Absolute Deprivation, Relative Deprivation, and Crime: A Change-Score Analysis of Structural Covariates of Crime

Open Access
Becker, Jacob H.
Graduate Program:
Crime, Law and Justice
Master of Arts
Document Type:
Master Thesis
Date of Defense:
July 15, 2010
Committee Members:
  • Derek Allen Kreager, Thesis Advisor
  • inequality
  • poverty
  • change
  • crime
  • relative deprivation
  • absolute deprivation
  • metropolitan counties
  • 1990
  • 2000
In this thesis, I examine the relationships between absolute deprivation, relative deprivation, and crime rates in metropolitan counties in and between 1990 and 2000. Based on existing theoretical and empirical research, I investigate several questions. First, are the relationships between absolute and relative deprivation and crime significant, and is one type of deprivation a better indicator of crime than the other? Are the relationships stable after controlling for other theoretically relevant structural conditions? Finally, are the relationships the same at two time points, as well as over time? I employ cross-sectional analyses of the static relationships in 1990 and 2000 and change-score analyses of the relationships over the two decennial periods. The latter analyses add to the limited body of research examining the dynamic relationships between deprivation and crime. I measure county-level structural characteristics based on 1990 and 2000 Census data and use ordinary least-squares regression models to predict total, violent, property, and homicide crime rates. I then regress differences in crime rates from 1990 to 2000 on differences in the independent variables to examine the dynamic relationships between structural conditions and crime.
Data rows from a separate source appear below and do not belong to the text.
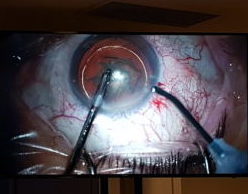 cirugia-ocular-marbella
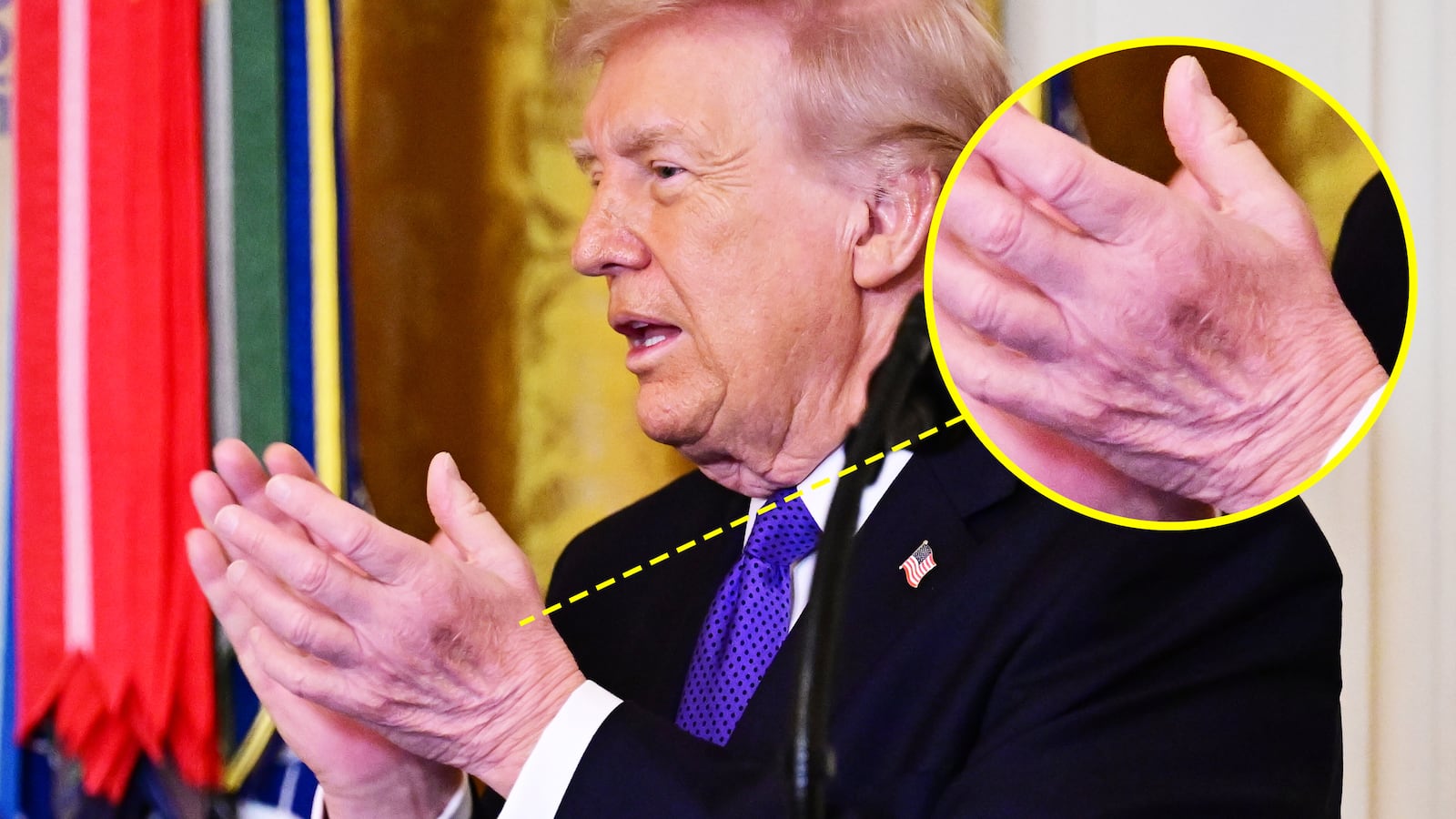 Donald Trump and his hand bruise.
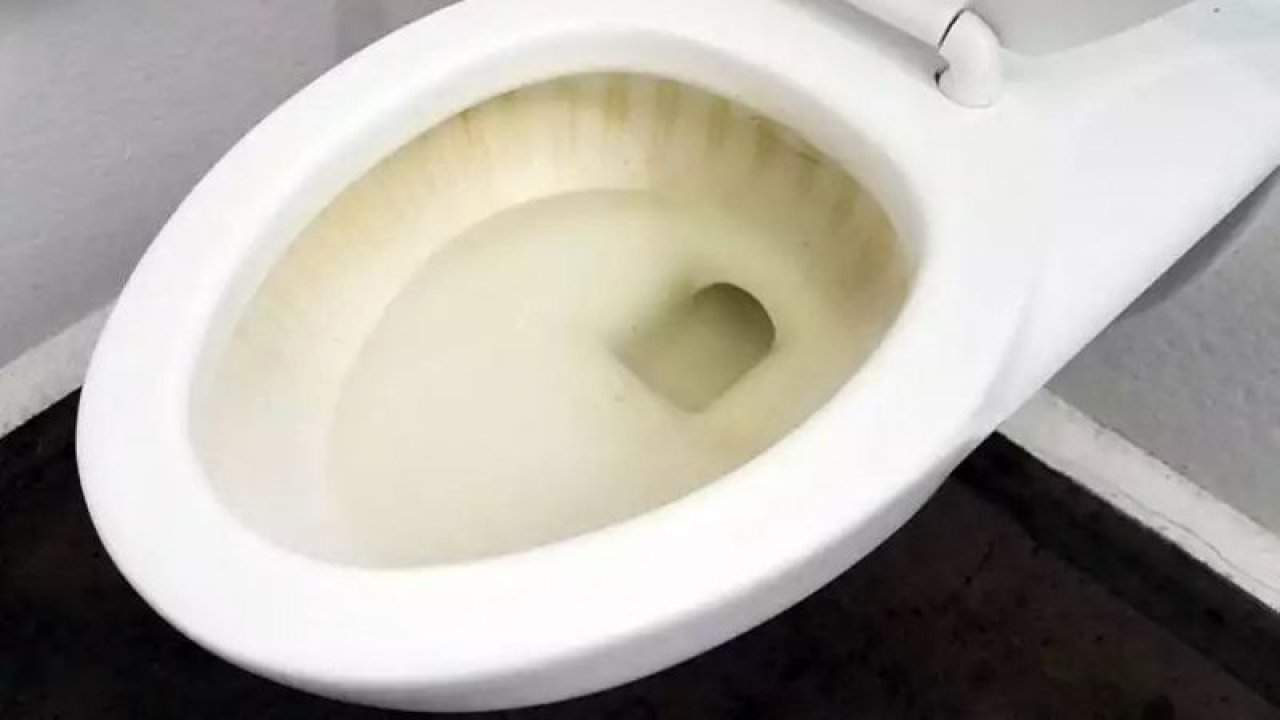 Sararmış Ya Da Kireçlenmiş Tuvalet Taşları İçin Çözüm Yolları Açıklandı! İşte O Yollar!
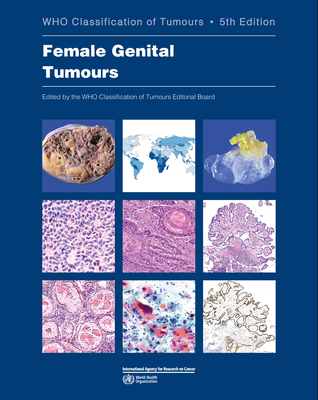 Female Genital Tumours: Who Classification of Tumours - Who Classification Of Tumours Editorial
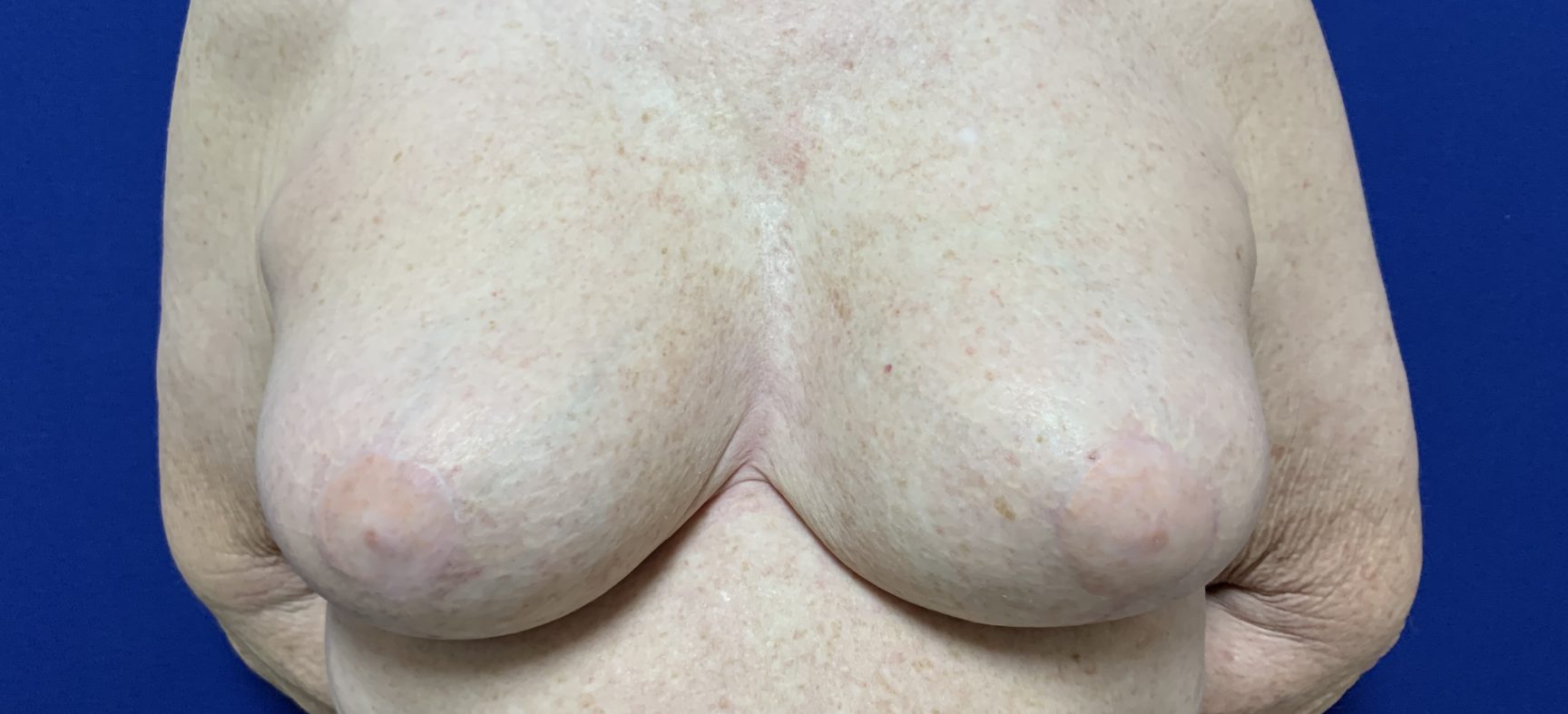Breast lift after implant removal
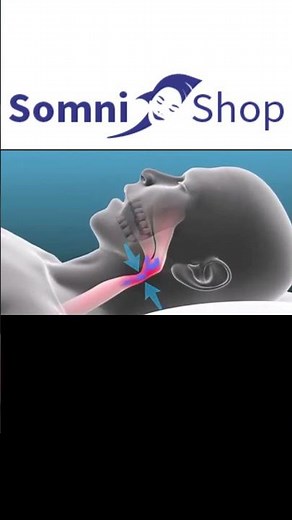 Endlich RUHE: Die Schnarchschiene #schnarchen #schnarchschiene #somnishop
The results of the cross-sectional analyses universally support the conclusion that absolute deprivation has a stronger association with crime than does relative deprivation. However, the change-score analyses indicate that not only do changes in levels of relative deprivation have stronger relationships than changes in absolute deprivation with shifts in crime levels, but that these relationships are unexpectedly negative. The implications of these results for theory and research are discussed.